Recently, one of my co-workers had a great idea on how to deal with all of these problems: copy filesystem backups out of our existing Amanda servers. Instead of using additional Amanda servers to do additional backups, we can just make copies of the full filesystem backups from our existing regular backup system. When you do Amanda backups to 'tapes' that are actually disks, Amanda just writes each filesystem backup to a regular file. Want an extra copy, say for long term backups? Just copy it somewhere, say to the disks we're using for those long term backups. This copying doesn't bog down our fileservers, can easily be done when the Amanda servers are otherwise idle, and can be done any time we want, even days after the filesystem full backup was actually made. Effectively we've turned building the long term backups from a synchronous process into an asynchronous one.
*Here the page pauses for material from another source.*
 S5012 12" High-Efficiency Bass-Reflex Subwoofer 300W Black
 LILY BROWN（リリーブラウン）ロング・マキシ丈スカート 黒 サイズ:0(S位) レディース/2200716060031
The drawback of abandoning Amanda is that we lose all of the Amanda
infrastructure for tracking where filesystems have been saved and
restoring filesystems (and files). It's entirely up to us to keep
track of which disk has which filesystem backup (and when it was
made) and to save per-filesystem index files. And any restores will
have to be entirely done by hand with raw
which makes them rather less convenient. But we think we can live
with all of this in exchange for it being much easier to make the
long term backups.
Right now this is just a plan. We haven't done a long term backup run with it; the next one is likely to happen in September or October. We may find out that there are some unexpected complications or annoyances when we actually try it, although we haven't been able to think of any.
(In retrospect this feels like an obvious idea, but much like the last time spotting it requires being able to look at things kind of sideways. All of my thoughts about the problem were focused on 'how can we speed up dumping filesystems for the long term backups' and 'how can we make them work more automatically' and so on, which were all stuck inside the existing overall approach.)